世界遺産と日本/世界の町並み w/IT

世界遺産と日本/世界の個性的な町並みをITを交えた筆致で紹介します。

白石の地名の由来となった神石白石はなんの何の変哲もない石でしたが、近くの武家屋敷の界隈は風情がありました

2020-09-27 08:00:00 | 日本の町並み
 町の中心に冬の降雪時に人々の通路になる「こみせ」と呼ばれる庇が連なり、レトロな消防署が残っているのが弘前の近くの黒石でした。地名の由来ははっきりしませんが、蝦夷の住む土地を国栖(クニス)と呼ばれていたものが転化してクロイシとなったのではないかとも言われています。一方、同じ東北地方の宮城県には白石市があり、こちらは市内にある神石白石が地名の由来だそうです。今回は、白石のある白石市内を紹介します。

 
 白石は宮城県の南端近く、白石城の城下町として、また奥州街道の宿場町として栄えた町です。最寄りの駅は在来線の白石で、仙台からJRの普通列車で50分ほど、一方の新幹線の白石蔵王は旧市街の東に外れた場所にあります。地名となった白石は、駅の西1kmたらず、白石城址の北東200mほどの市街地の道路のそばにポツンとあります。江戸時代には神の石として、周りを朱塗りの玉垣が取り囲んでいたそうですが、現在は三方を低い板塀にかこわれているだけです。神石白石と呼ばれる石は直径が1mほどの凝灰岩ですが、根っこは遠く仙台の根白石まで伸びていると言い伝えられています。

 
 
 
 
 武家屋敷が残るのは、神石白石の西、城跡の北側の外堀になる沢端川が流れているあたりで、奥方用人であった旧古関家です。30年ほど前に古関家から家屋などが白石市に寄贈され、整備された後に公開されています。ただ、武家屋敷が残っているのはこの一軒で、古民家の連なるような町並みは、あまり残されておらず、武家屋敷のさらに北側を東西に通る「みちのくおとぎ街道」沿いに水車のあるラーメン屋やレトロな理髪店などが遭ったりします。また、土蔵もあちこちで見かけたようです。この街道の南側では、お伽話に出てきそうな真っ白の眼科医の建物も見かけました。

 
 
 
 商家で保存性が良いのは、屋号を寿丸と呼ばれた商家で、明治から大正期に建てられた豪商渡辺家の屋敷です。渡辺家が白石市に寄贈し、2003年からは白石まちづくり株式会社が管理運営を行っています。展覧会や貸会場として使われているようです。筆者が訪問した時には和紙の展覧会が開かれていたように思います。白石駅からまっすぐ西に延びる広い通りを200mほど行った南西角に広い庭や土蔵の目立つ建物です。玄関を入ると通りの側に店として使われたり、座敷として来客対応の空間が横に広がり、プライベートな空間はその裏側になります。展示会の会場は、玄関を入って、左手の座敷を通り抜け、一番西の奥の、母屋とは別棟の土蔵の中でした。

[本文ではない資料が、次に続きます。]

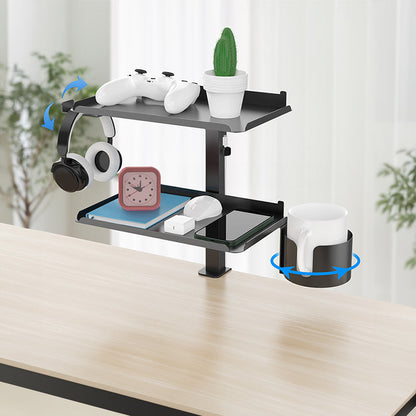 Multifunctional Desk Storage Rack – Adjustable 3-Tier Stand for Desk Organization with Cup Holder and Workspace Expansion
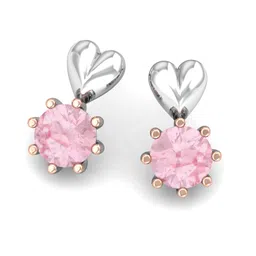 kuberbox 14KT White Gold Diamond Rose Heart Drop Earrings for Women image 3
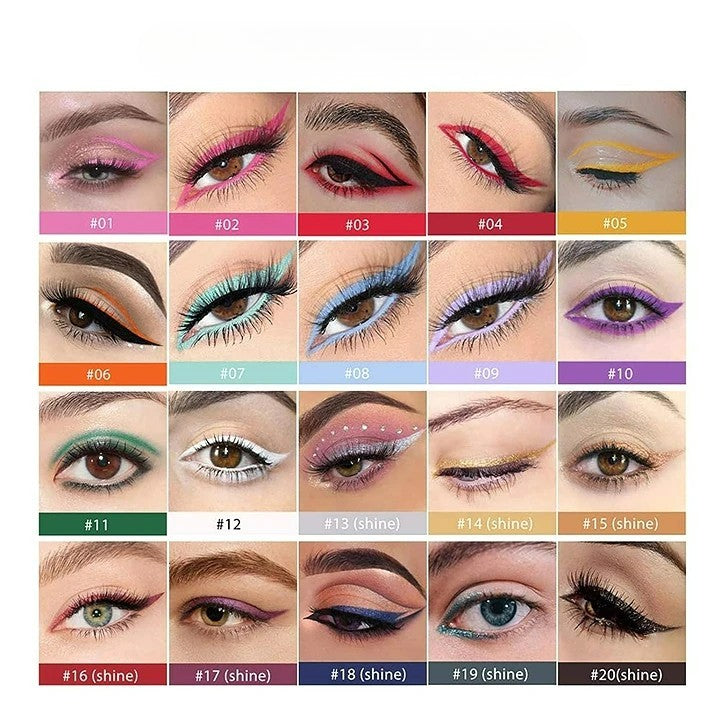 20 STK farvede eyeliner blyantsæt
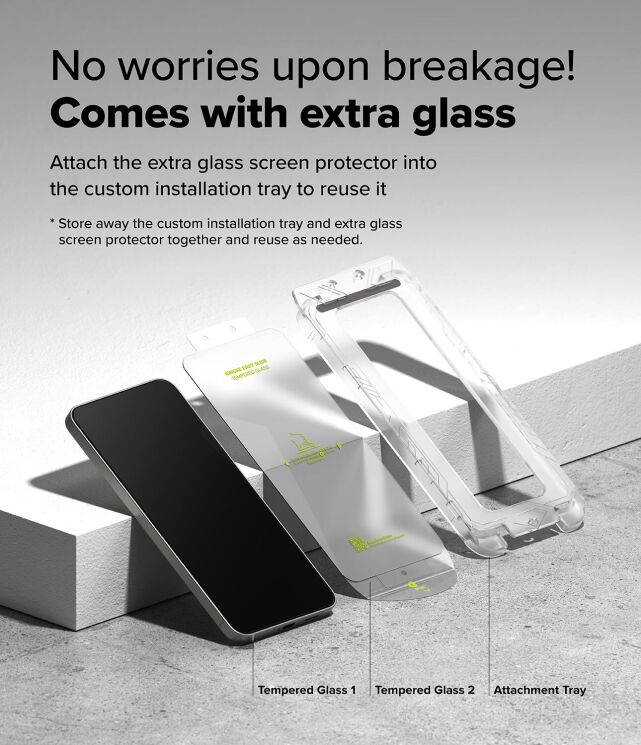 Комплект захисних стекол (2шт) Ringke Easy Slide Tempered Glass для Samsung Galaxy S25 (S931) / Galaxy S24 (S921) 8800274968448: фото 5 з 17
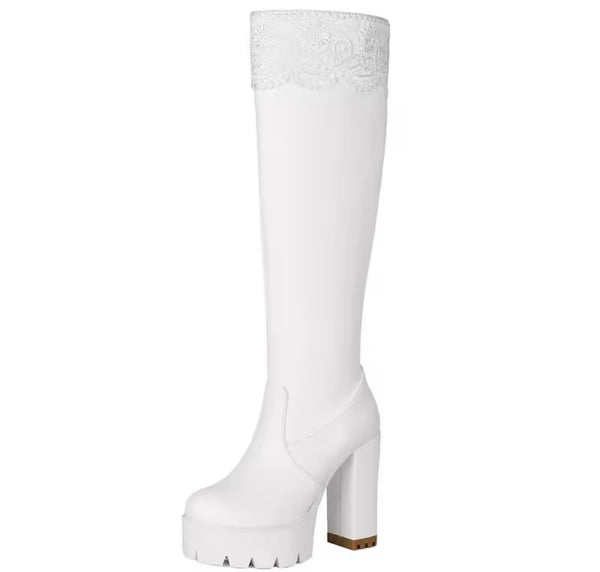 Women Fashion Lace Faux Leather Platform High Heel Boots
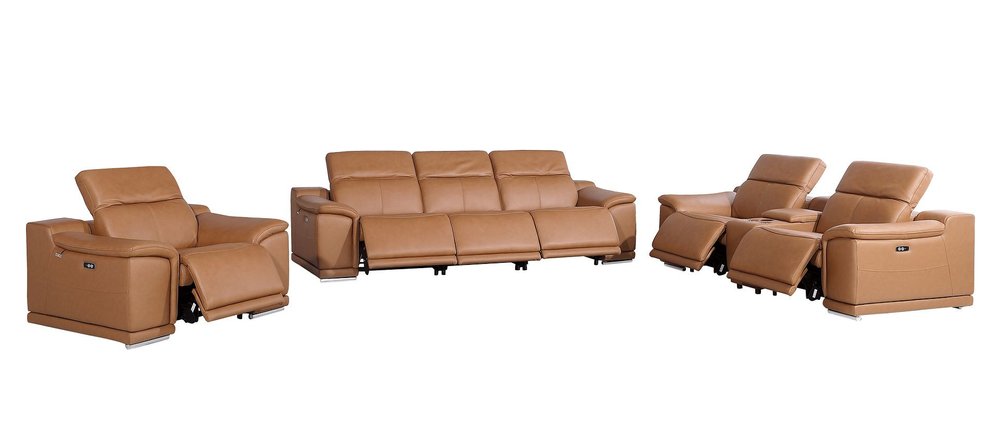 Three Piece Chestnut Genuine Leather Six Person Seating Set
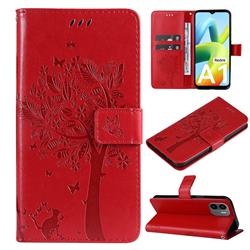 Embossing Butterfly Tree Leather Wallet Case for Xiaomi Redmi A1 - Red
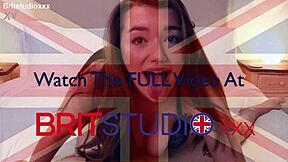 British teen in lingerie gives close up blowjob and swallows cum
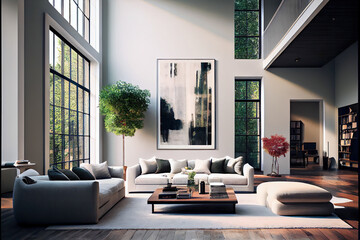 With a creative mix of realism and abstraction on display, this home features an inviting lounge area with high walls with massive windows. A coffee table in the center, while three comfortable couch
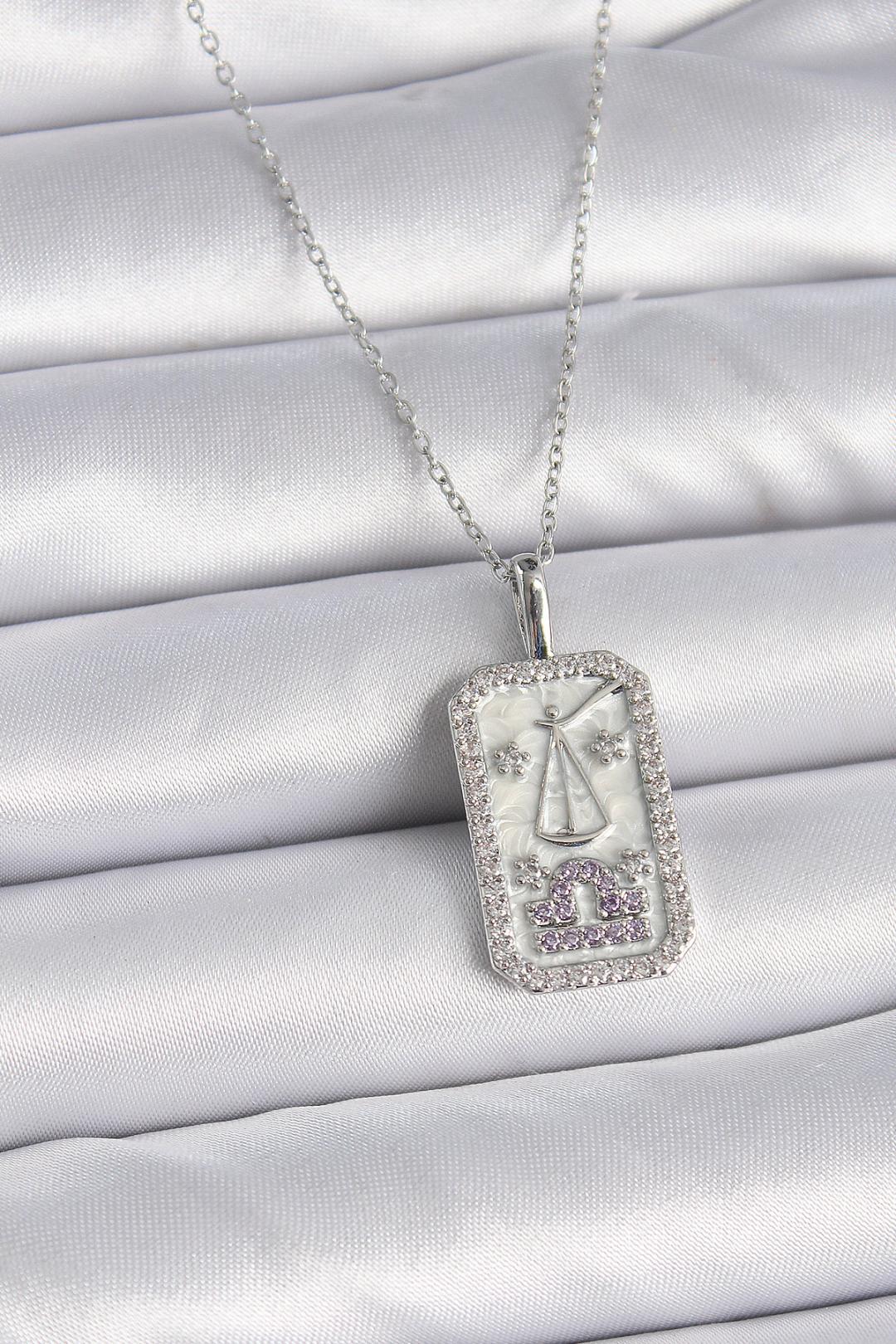 Çelik Gümüş Renk Terazi Burcu Zirkon Taşlı Kadın Kolye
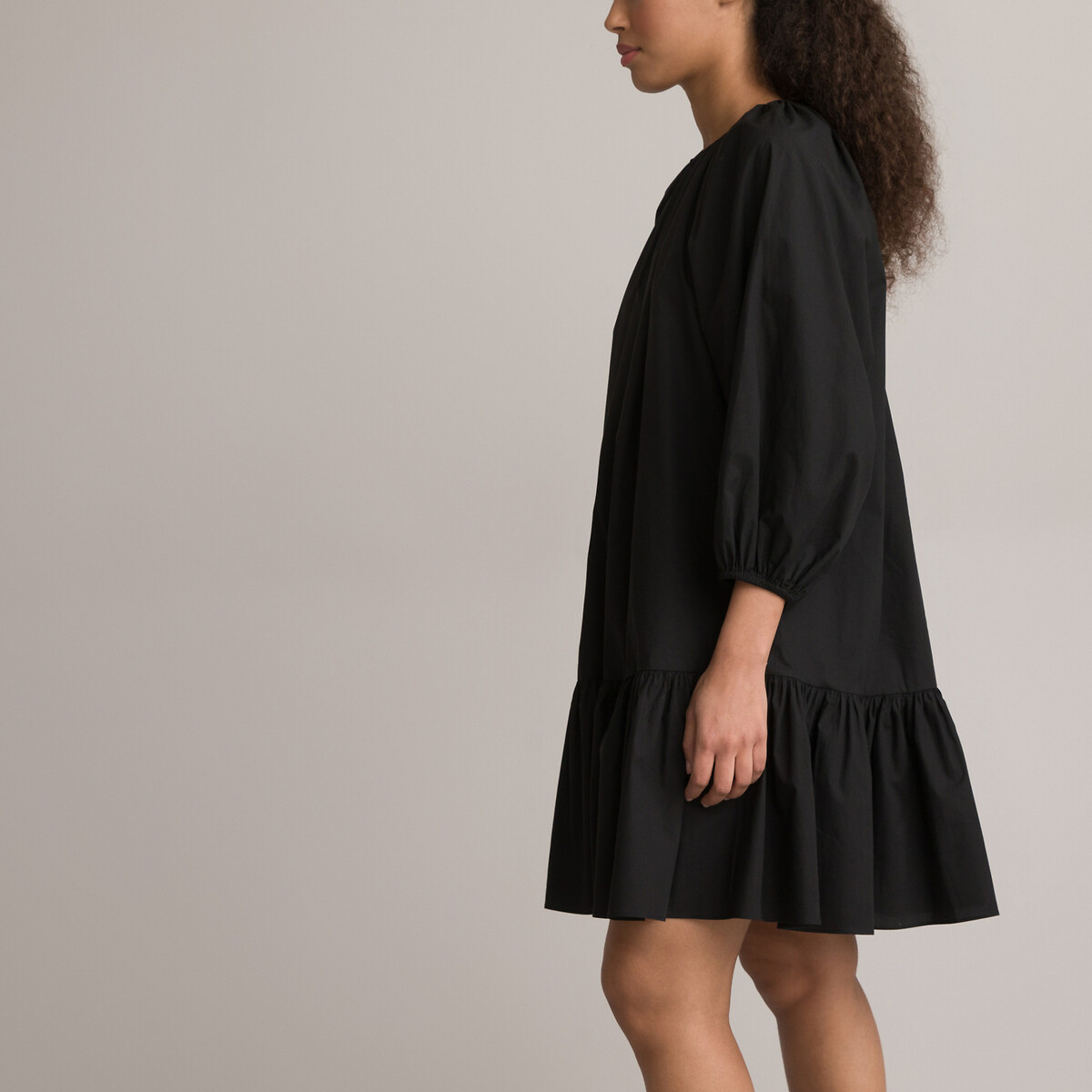 Платье-миди Расклешенное круглый вырез рукава 34 56 черный LaRedoute, размер 56 - фото 2
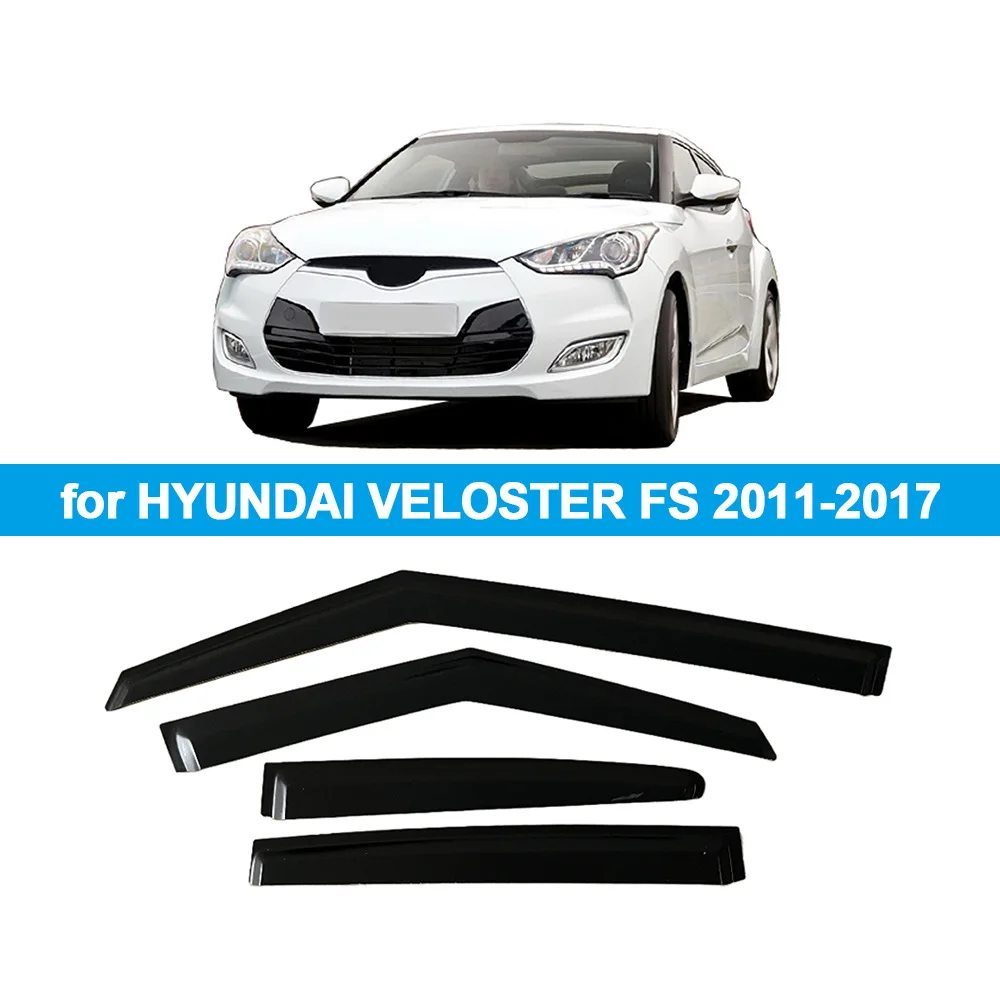 

For 2011-2016 Hyundai Veloster FS Black Tinted Car Side Window Visor Guard Vent Awnings Shelters Rain Ventvisor
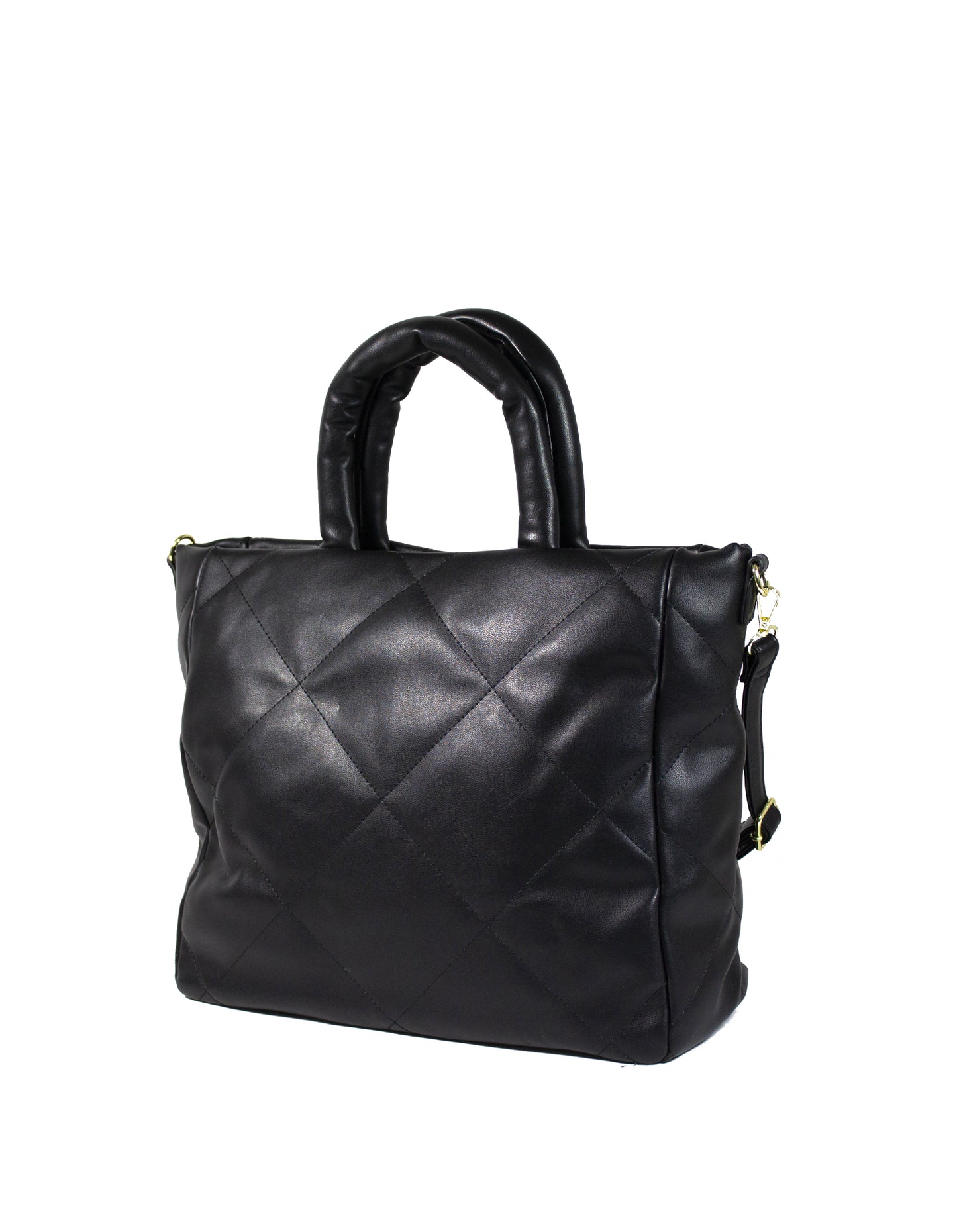 Shopping bag matelassè con manico morbido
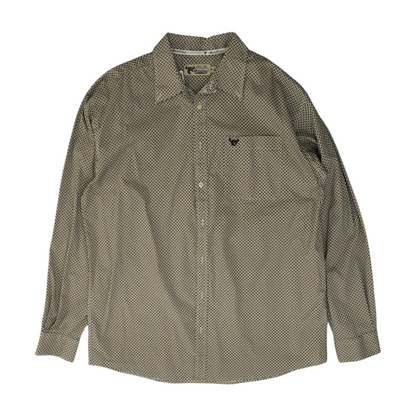 Brown Print Long Sleeve Button Down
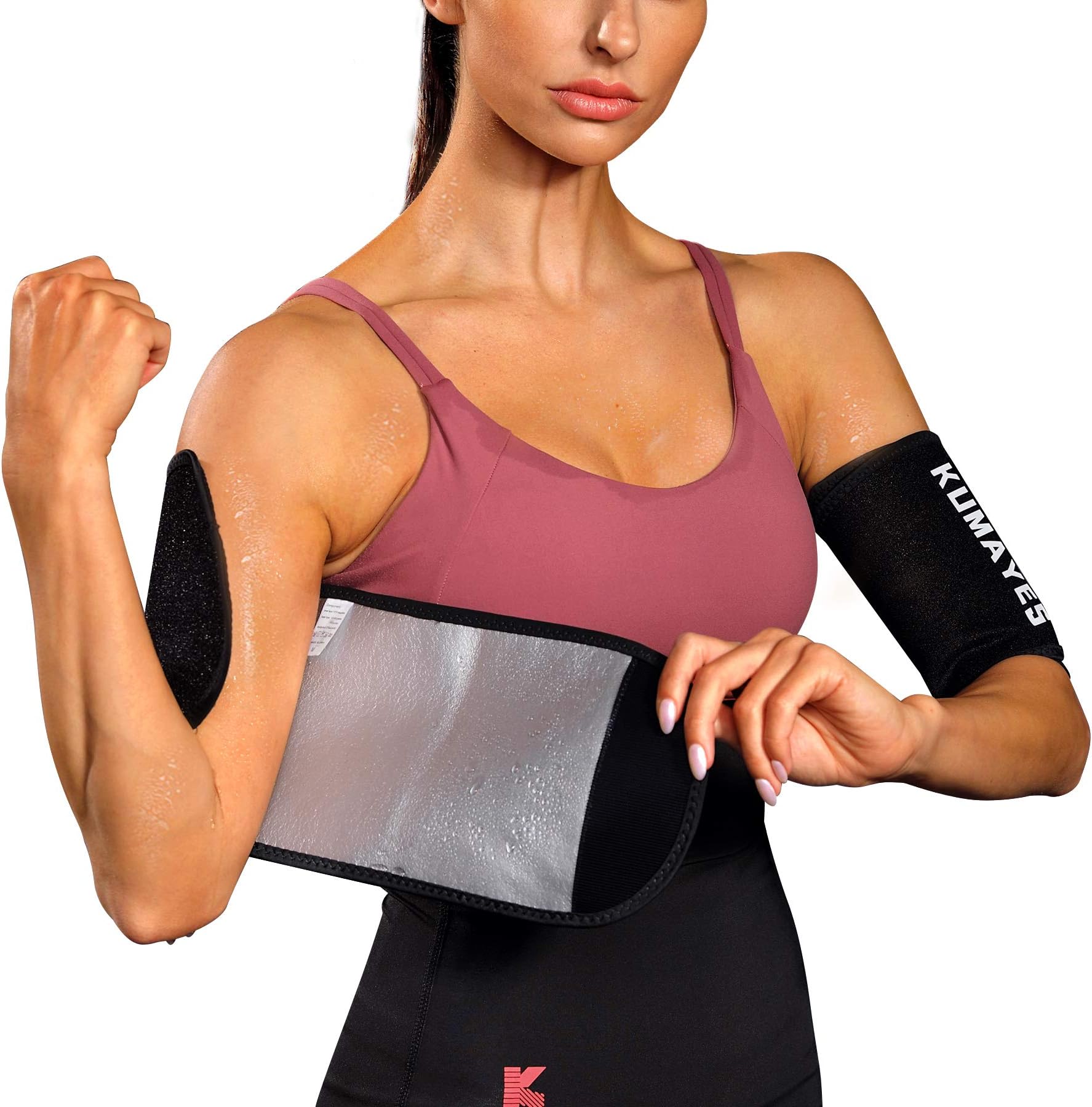 KUMAYES Sauna Arm Trimmer Bands for Women& Men Weight Sweat Arm Slimmer Wraps (Black)
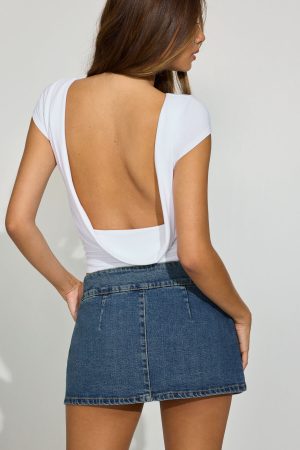 Cowl Back Short Sleeve Top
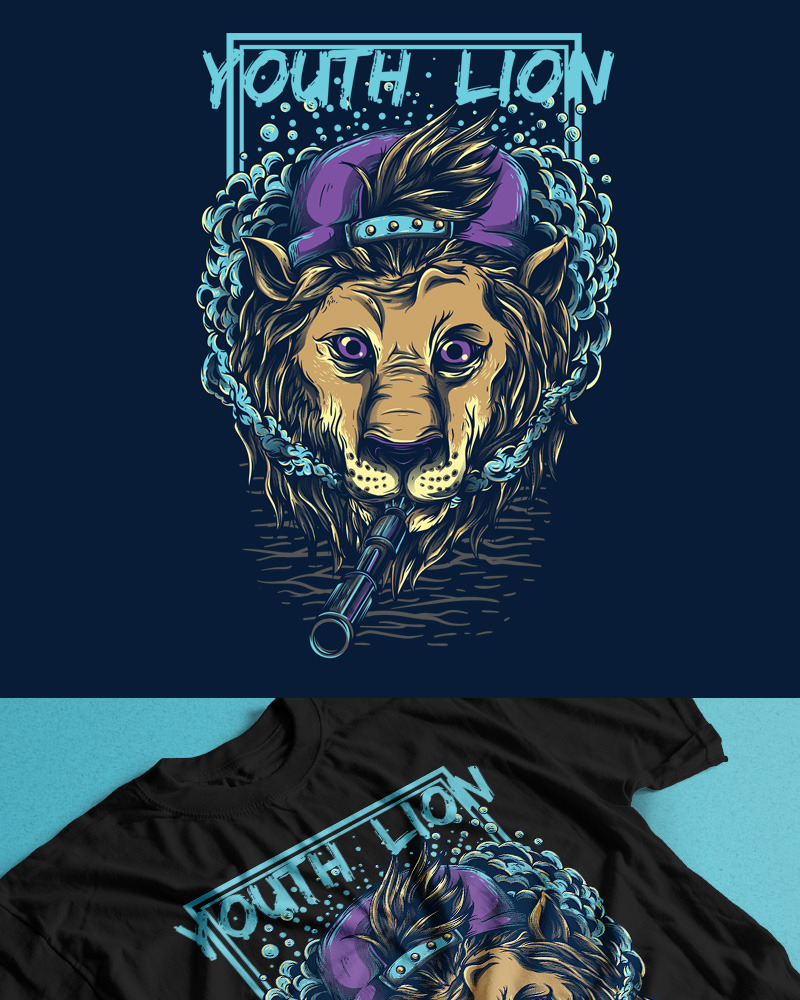 Youth Lion - T-shirt Design #89304 - TemplateMonster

 神石白石は地下で仙台までつながっていると言われ、二月堂の若狭の井は、地下で小浜まで伸びているといわれています。19世紀に書かれたジューヌヴェルヌの空想科学小説は、鋭い科学的な先見性に驚きます。月旅行も海底探検も現在では実現されていますが、唯一実現されていないのが地底旅行です。アイスランドの火山から地下に入り込んだ主人公達は、地下には大洞窟があって海まで存在することを発見、最後は噴火のマグマと共にイタリアの火山島から帰還するというものです。常識的に考えるとヴェルヌの描くような世界が地底あるとは考え難いのですが、月旅行や海底旅行はヴェルヌの生きた時代には荒唐無稽だったように思います。専門家的な発想をするSF小説家は常識的過ぎて面白くないような気もします。IT分野の技術開発は、常識の積み上げによって発展してきたことも事実でしょうが、エポックメイキング的な大発明や大発見は、意外と奇想天外な発想から生まれていることが多いようにも思います。